# Computer Science Comprehensive Examination Computer Architecture [60 points]

This examination is open book. Please do all of your work on these sheets. Do not do your work in a blue book.

Number: \_\_\_\_\_

| Problem | Max Score | Your Score |
|---------|-----------|------------|
| 1       | 20        |            |
| 2       | 20        |            |
| 3       | 20        |            |
| TOTAL   | 60        |            |

## Problem 1: Short Answer [20 points]

- A. [7 points] Assume a pipelined processor with N pipeline stages. As we increase N, briefly explain that happens to the following (increase/decrease + 1 sentence reasoning)
  - Clock cycle time: Decreases fewer gates per pipeline stage
  - Cycles per instructions: Increases more data and control hazards

Considering clock cycle time only, is there a limit or point of diminishing returns for the number of pipeline stages in a processor? Why?

Yes there is. Clock cycle is limited by clock skew and pipeline register clocking overhead. As we subdivide the work for each instruction in more pipeline stages, eventually the clock cycle will become equal to the skew+overhead. Deeper pipelining, will not lead to additional clock cycle benefits.

[7 points] Assume a first level data cache with capacity (C), associativity (A), and block size (B). Draw the expected effect on hit rate as C, A, and B increase respectively. In each case, we vary one of the three parameters, while the other two are kept constant. Mark any interesting points on the graphs with 3-4 words to provide some reasoning.



B. [6 points] What does the following MIPS code do? What is the instruction cache miss rate? What is the data cache miss rate? Assume the caches are initially empty and have a 16 byte line size.

move \$t0, \$a0 addi \$t1, \$t0, 4000 loop: Sw \$t0, 0(\$t0) addi \$t0, \$t0, 4 slt \$t2, \$t0, \$t1 bne \$t2, \$zero, loop exit:

The code intitializes a 1000 words to the memory address of the word

Icache miss rate = 2/(2 + 1000\*4) = 2/4002 = 0.05% Dcache miss rate = 1/4 = 25%

# Problem 2: Instruction-Set Architecture Design [20 Points]

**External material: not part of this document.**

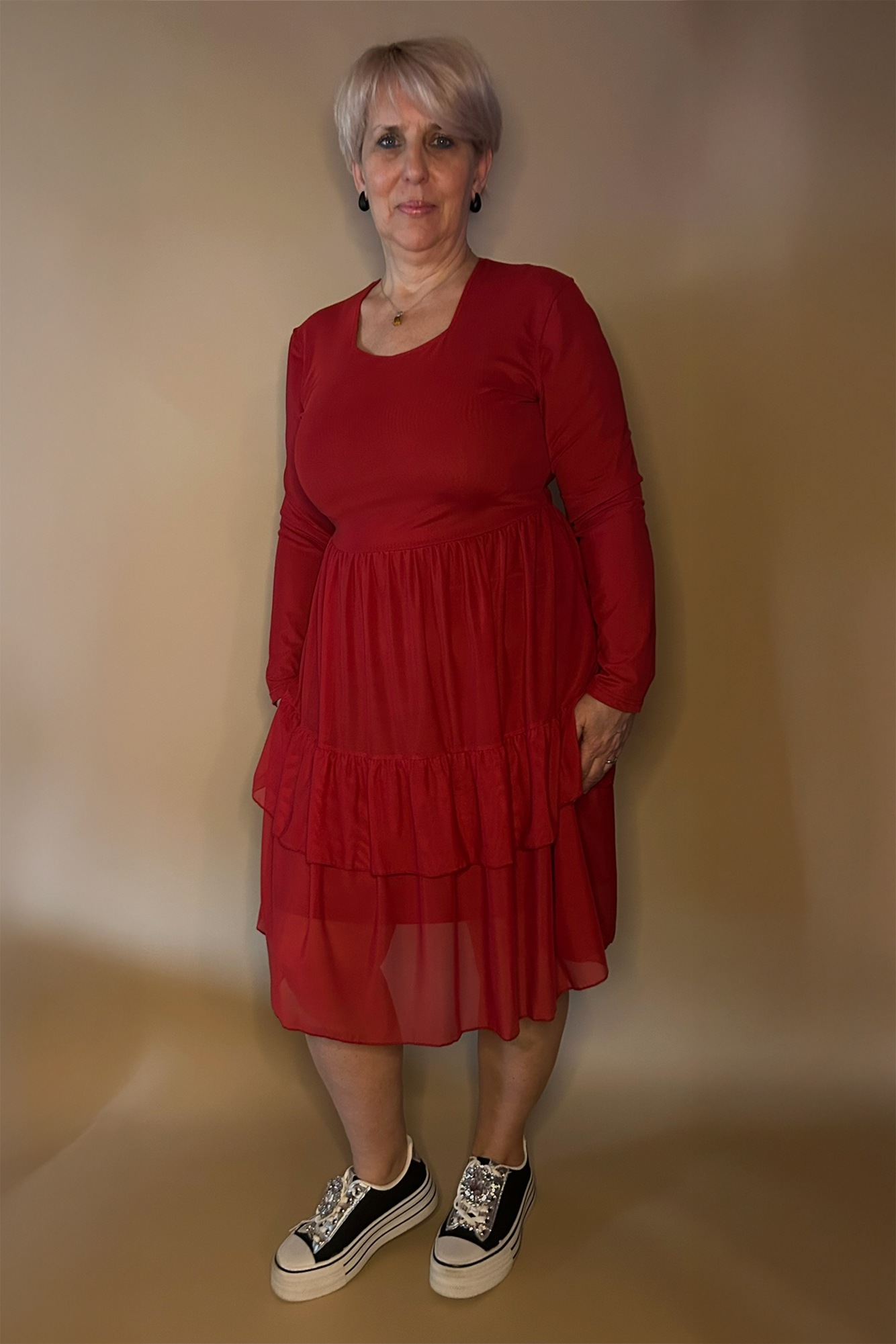 Obleka Livia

Your task is to redesign the way branches work in the MIPS ISA to create a new architecture called MIPS-new. You decide to add branches with arbitrary compares which are called complex branches. You are given the following information about MIPS and MIPS-new

| Instruction type       | Frequency |  |  |
|------------------------|-----------|--|--|
| compares               | 23%       |  |  |
| ALU ops (not compares) | 20%       |  |  |
| loads/stores           | 30%       |  |  |
| conditional branches   | 25%       |  |  |
| jumps                  | 2%        |  |  |

#### **Instruction mix on MIPS**

| Branch type              | Frequency |
|--------------------------|-----------|
| NE/EQ compare to nonzero | 30%       |
| NE/EQ compare to zero    | 25%       |
| LT/LE compare            | 25%       |
| GT/GE compare            | 20%       |

Frequency of branch compares on MIPS-new

A. [10 points] Using the information given above, what is the ratio of instruction count (IC) of MIPS to MIPSnew.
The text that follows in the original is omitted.